> _Task brief_: Go to the line holding "IBILI - Cafetera" in the data below. Return it and each line after it through the last, exactly, and skip the pictures.

> _Collected data_:
###

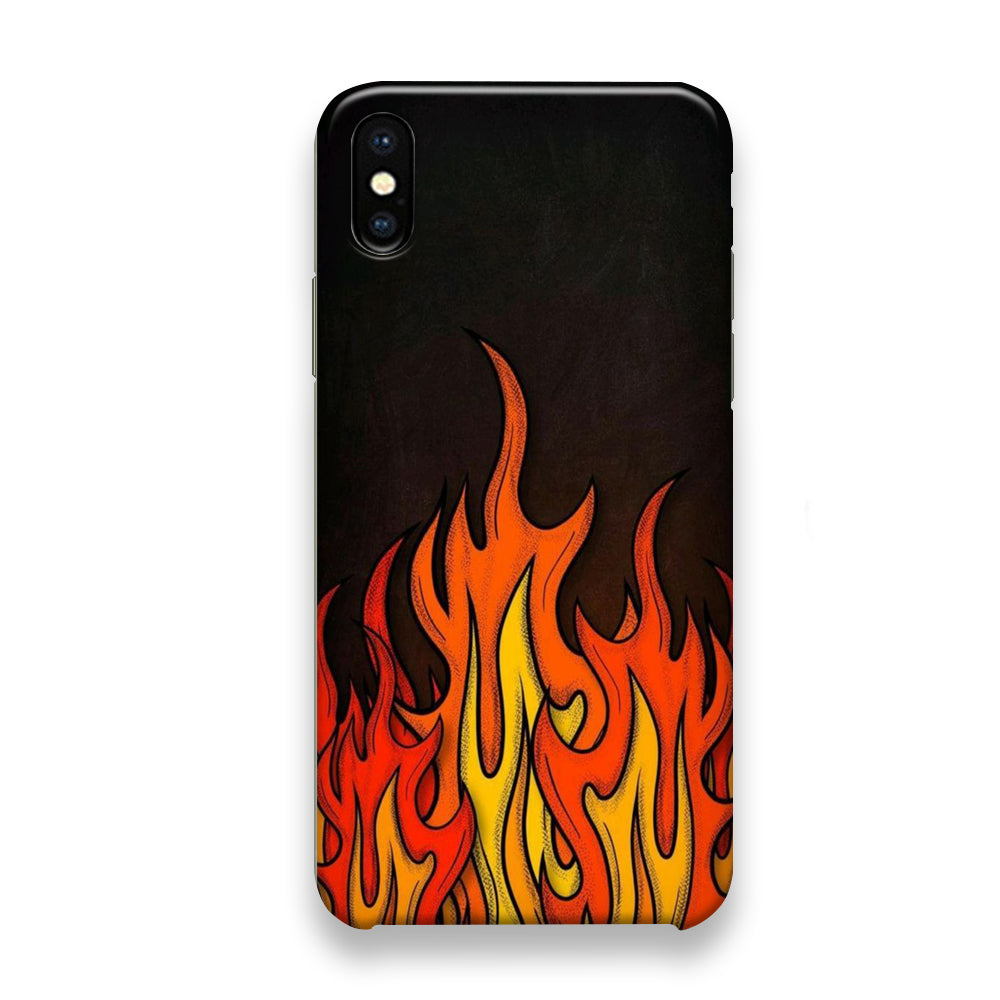 Fire Up Animation iPhone X Case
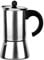 IBILI - Cafetera express Indubasic, 6 tazas, 280 ml, Acero Inoxidable, Apto para inducción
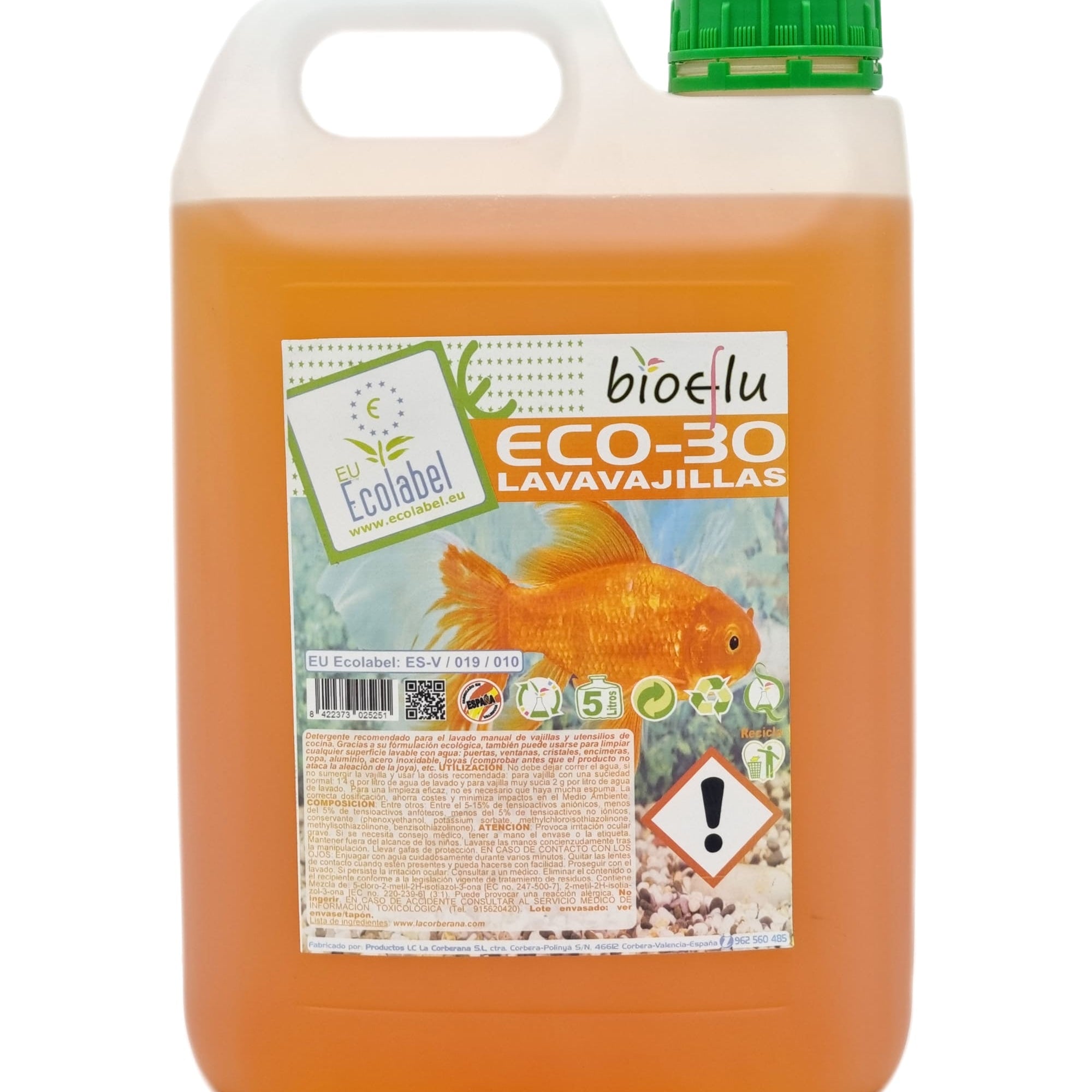 Lavavajillas ecológico con certificación Ecolabel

###

> _Output for this exercise_:
 IBILI - Cafetera express Indubasic, 6 tazas, 280 ml, Acero Inoxidable, Apto para inducción
 Lavavajillas ecológico con certificación Ecolabel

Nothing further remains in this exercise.